• RECORDS SUPPLIED:
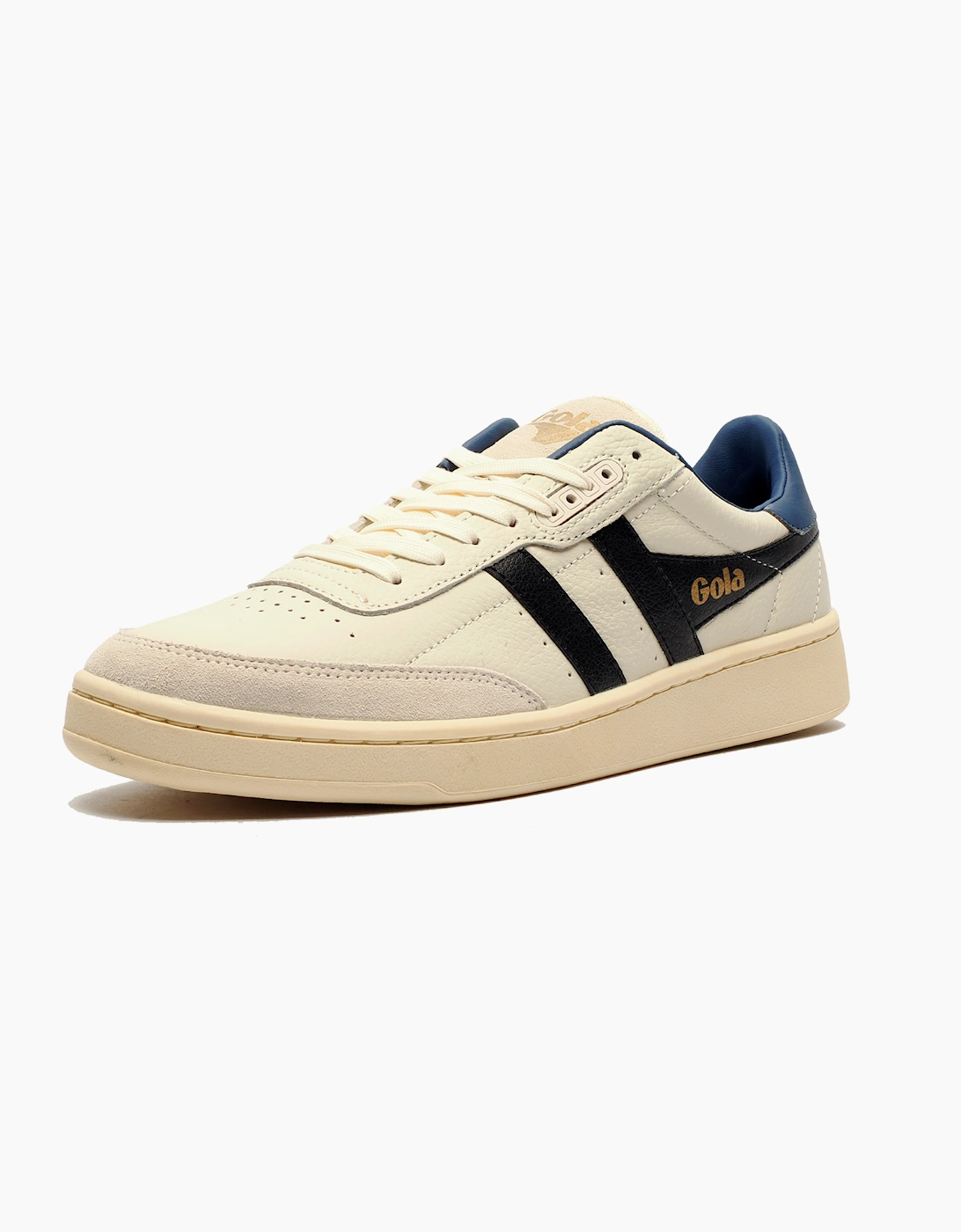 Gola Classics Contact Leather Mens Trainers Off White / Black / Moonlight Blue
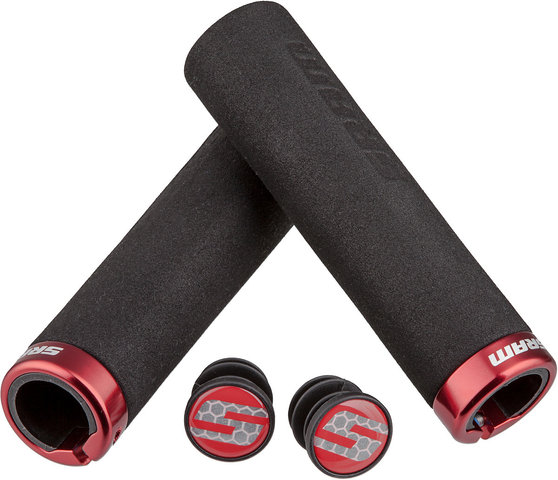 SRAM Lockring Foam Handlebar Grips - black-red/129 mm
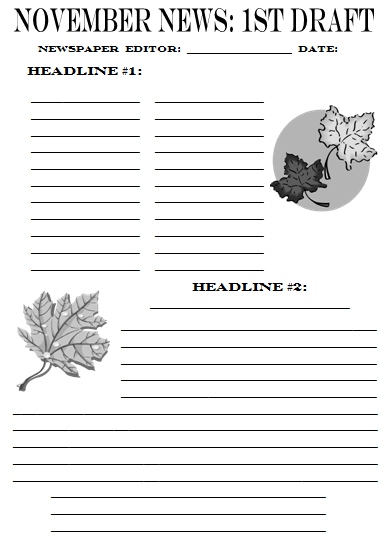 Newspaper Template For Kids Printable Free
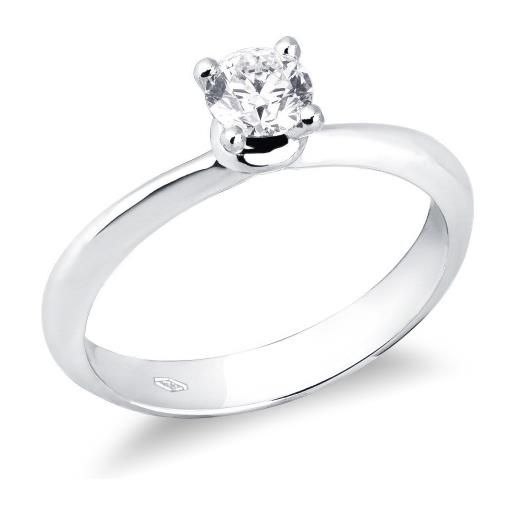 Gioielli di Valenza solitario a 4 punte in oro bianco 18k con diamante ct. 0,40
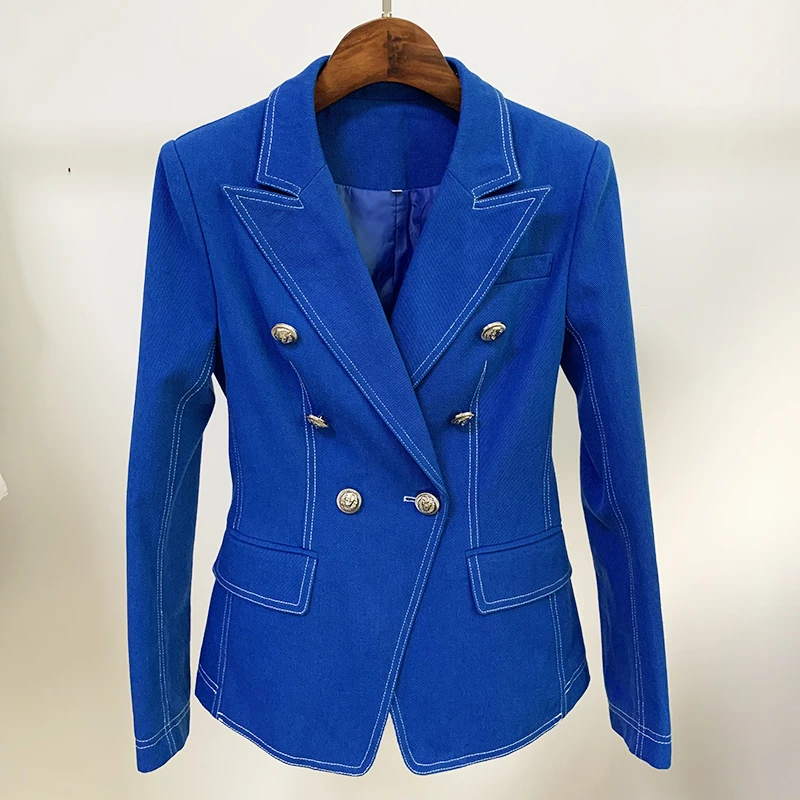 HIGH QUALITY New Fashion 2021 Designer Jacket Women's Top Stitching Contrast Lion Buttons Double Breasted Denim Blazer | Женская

• DIRECTIONS: If the data includes images, skip them and copy every line exactly.

• REPLY TO THE EXERCISE:
 Gola Classics Contact Leather Mens Trainers Off White / Black / Moonlight Blue
 SRAM Lockring Foam Handlebar Grips - black-red/129 mm
 Newspaper Template For Kids Printable Free
 Gioielli di Valenza solitario a 4 punte in oro bianco 18k con diamante ct. 0,40
 HIGH QUALITY New Fashion 2021 Designer Jacket Women's Top Stitching Contrast Lion Buttons Double Breasted Denim Blazer | Женская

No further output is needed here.